I’m a pretty good cook. I read a lot of cookbooks, I’m not afraid to experiment, and aside from the ravioli incident I don’t usually have too much trouble. But for some reason I cannot, for the life of me, successfully make chocolate chip cookies. A four layer chocolate cake from scratch? Not a problem. Pumpkin cheesecake with a ginger crust? Child’s play. Oatmeal butterscotch cookies are easy as pie. But chocolate chip cookies? I suck.
They always look lovely when I open the oven door, but as soon as they hit the air of the kitchen they begin to spread and flatten, leaving pockmarked crepes with bulbous chocolate chip lumps.
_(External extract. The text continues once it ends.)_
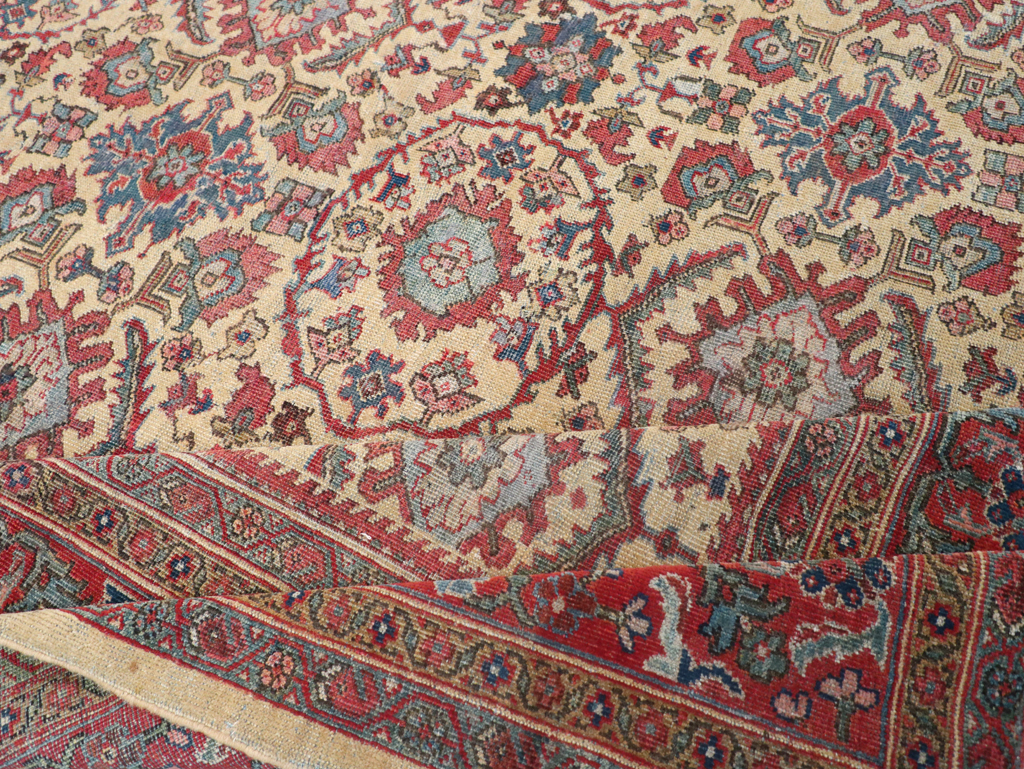 Antique Persian Mahal Carpet, No.31576 - Gsblank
Not pretty. Tasty, but not pretty. I don’t know what I’m doing wrong. I’ve experimented with the temperature of the butter, I’ve used the stand mixer, a hand mixer and my hands to mix. I’ve tried the recipe on the chip bag and the recipes in three different cookbooks. I’ve put them on the cookie sheet in rounded tablespoons and teaspoons wondering if it was the size of the uncooked dough that was the problem. I bought new baking soda. I still fuck it up every time.
Natasha Laumei | 22-Mar-07 at 1:24 pm | Permalink
I have the SAME problem. Every time, every recipe. They’re either flat and bubbly or little dry mounds. Let me know you if you figure this one out.
And happy birthday.
Gabbiana | 22-Mar-07 at 5:48 pm | Permalink
Man, I dunno. I just follow the recipe on the Toll House chip bag (and I nuke the butter to liquid, GASP, and use a fork to stir), but I’m also willing to put up with burned bottoms, so, y’know, ignore me. (Just the bottoms burn, not the rest of the cookies; I’m told I need wax paper, but that’d require, I dunno, buying wax paper.) (Burned cookie bottoms = excuse to eat cookies with vanilla ice cream. Clearly.) Anyway. I think what I’m saying is, if the cookies taste good, who cares? Store-bought cookies are pretty but taste like ass.
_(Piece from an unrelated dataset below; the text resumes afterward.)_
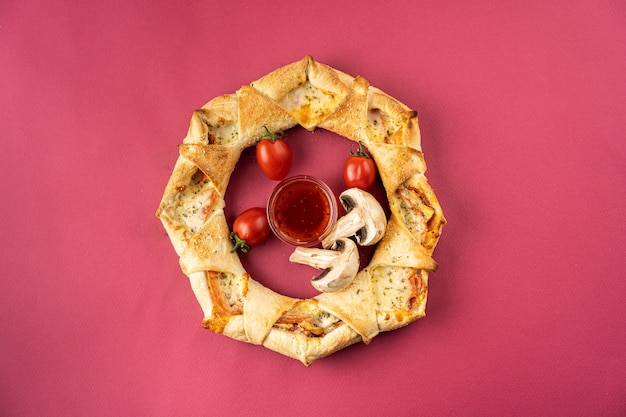 Handgemachte traditionelle Pizza auf rotem Tisch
Totally uneducated thoughts, though: Where are you putting the cookies once you get them out of the oven? Are you leaving them on the pan to cool? Do you have a cooling rack? (I don’t, hence leaving cookies on the pan to cool for a minute or two before transfer to paper towels = burned bottoms.) Have you tried covering the cookie sheets and/or the cooling cookies with aluminum foil, in the oven (to conserve moisture) or while cooling (so they cool more slowly)?
Okay, those are all my brilliant ideas. The internet gourmets can commence their laughter… now.
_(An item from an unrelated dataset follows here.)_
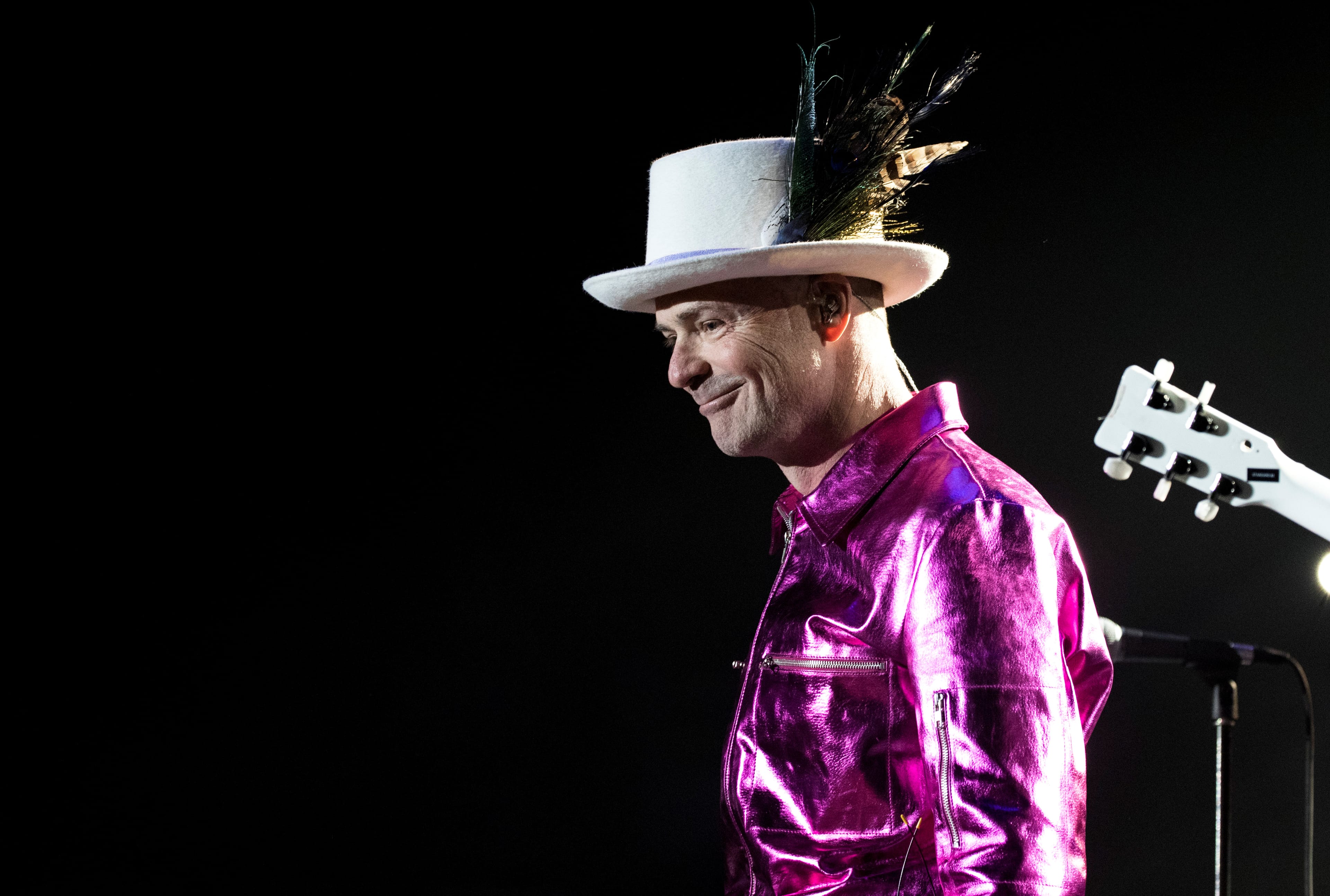 Tragically Hip lead singer Gord Downie performs with band members Paul Langlois, Gord Sinclair, Johnny Fay and Rob Baker at the Save-on-Foods Memorial Centre to kick off the band's latest "Man Machine Poem" tour in light of Downie's brain cancer diagnosis, in Victoria, B.C., Canada July 22, 2016. REUTERS/Kevin Light - RTSJAF1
Krystle | 23-Mar-07 at 7:03 am | Permalink
I completely agree. Can’t make chocolate chip cookies, to save my ever lovin’ soul.
And, happy late birthday!
julie / perdita | 23-Mar-07 at 2:55 pm | Permalink
I always use the tollhouse recipe, but my trick is to take the cookies out a couple minutes before they are done (just a little doughy looking in the center) and I let them finish cooking on the pan (since I have no cooling rack). They contract a bit, finish cooking, but still have a rather soft center (which is what I prefer, but may not be to everyone’s taste).
VWB | 24-Mar-07 at 11:33 pm | Permalink
I have used the Toll House successfully for almost 30 years with 2 changes…switch from butter to Crisco and add 1/4-1/2 cup extra flour depending on humidity. The dough will be stiff enough for you to roll between your hands and pinch off cookie size pieces. Yum yum!